FORTUNE’S STROKE BY ERIC FLINT DAVID DRAKE

* * *

Belisarius saw the glint before he spotted the masts. He had been looking for sails, until he realized there wouldn’t be any. This close to their final destination, the Ethiopian warships would be advancing under oar.

But there was no doubt of what he was seeing. Belisarius was not a seaman, but he could tell the difference between a warship and a cargo vessel at a glance. The twelve vessels whose masts he could see, perhaps ten miles away, were obviously fighting craft. And he had enough experience, with perhaps a minute’s study, to be able to distinguish the upperstructure of an Axumite warship from a Malwa galley.

“They’re ours, all right,” he muttered happily. “No doubt about it. But—” He brought the telescope back to the lead ship in the oncoming flotilla. There it was again. Something glinting.

He pulled the telescope away from his eye, frowning. Not worried, simply puzzled. “There’s something odd—”

Maurice nodded. “You spotted it too? Something shining on and off, on the lead ship?” The chiliarch’s eyes fixed on the horizon. “I saw it myself. First thing I spotted, in fact. Still haven’t been able to figure out what it is. Might be a mirror, I suppose, if Antonina wanted to signal—”

Both men, simultaneously, realized the truth. And both, simultaneously, burst into laughter.

“Well, of course!” shouted Maurice gaily. “She’s Venus, isn’t she? Naturally she’s got the biggest damn brass tits in the world!”

Belisarius said nothing coherent, until he stopped leaping about in a manner which was halfway between a drunken jig and a war dance. Then, before the astonished eyes of the cataphract bodyguards who had finally puffed their way onto the roof, the strategos of the Roman Empire and the commander of its finest army—normally as cool as ice in the face of the enemy—began taunting the distant Malwa troops like an eight-year-old boy in a schoolyard.

“That’s my lady! That’s my lady!” was the only one of those expressions which was not so gross, so obscene, so foul, so vile, and so vulgar, that Satan’s minions would have fled in horror, taloned paws clasped over bat-ugly ears.

* * *

In the hours which followed, as Maurice and Vasudeva organized the escape from Charax, Belisarius paid no attention to the doings of his army.

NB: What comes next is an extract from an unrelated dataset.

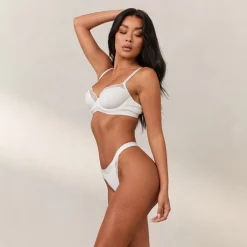 Ribbed Balcony Bra - White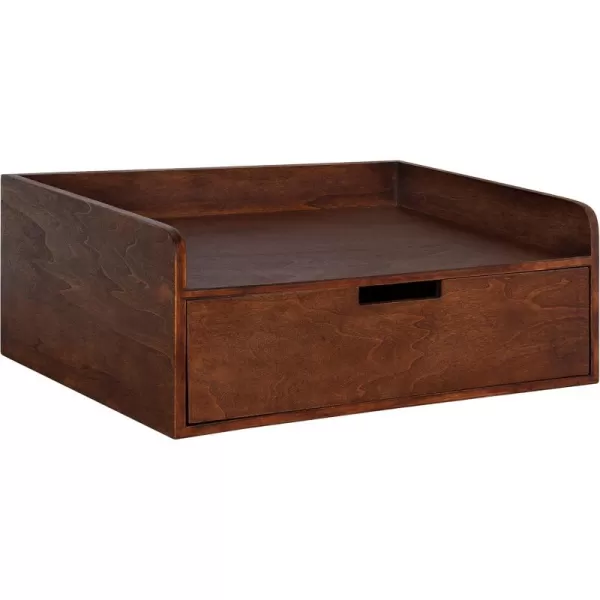 imageKate and Laurel Kitt Modern Floating Wall Shelf Side Table with Drawer 18quot x 12quot x 65quot BlackWalnut Brown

There was no need for him to do so, of course. The plans for the escape had been made weeks before Charax was even seized. Ever since the Romans had taken the city, a large portion of the soldiers had been working like beavers to get ready for departure. The cargo ships were loaded with provisions. The city was mined for final destruction. All that remained to be done was drive out the horses, collect the civilians, and organize the fighting retreat back to the docks.

The horses were driven out within the first two hours. Released from their holding corrals near the docks, the panicked creatures were driven through broken streets toward the Malwa lines. It was a task which the Roman soldiers carried out with reluctance but, perhaps for that reason, as quickly as possible.

Most of the horses would die, they knew. Many would be killed by the Malwa themselves, either because they were mistaken for a cavalry charge or simply from being struck by stray missiles or grenades. Others would break their legs clambering through the rubble. Most of the horses who escaped the city, except for those captured by the Malwa, would probably die of starvation in the desert and swamps beyond. And even those horses which found themselves in the relative safety of Malwa captivity would, in all likelihood, be eaten by the Malwa troops as they themselves became desperate for food.

But the only alternative was to destroy them along with the city. There was absolutely no way to load them aboard the cargo ships. Transporting large numbers of horses by sea was a difficult enough task, under the best of circumstances. It would be impossible for an army making a hurried escape under enemy fire. Given the alternatives, the Romans would drive the horses out. Some would survive in the desert, after all, long enough to be captured by bedouin.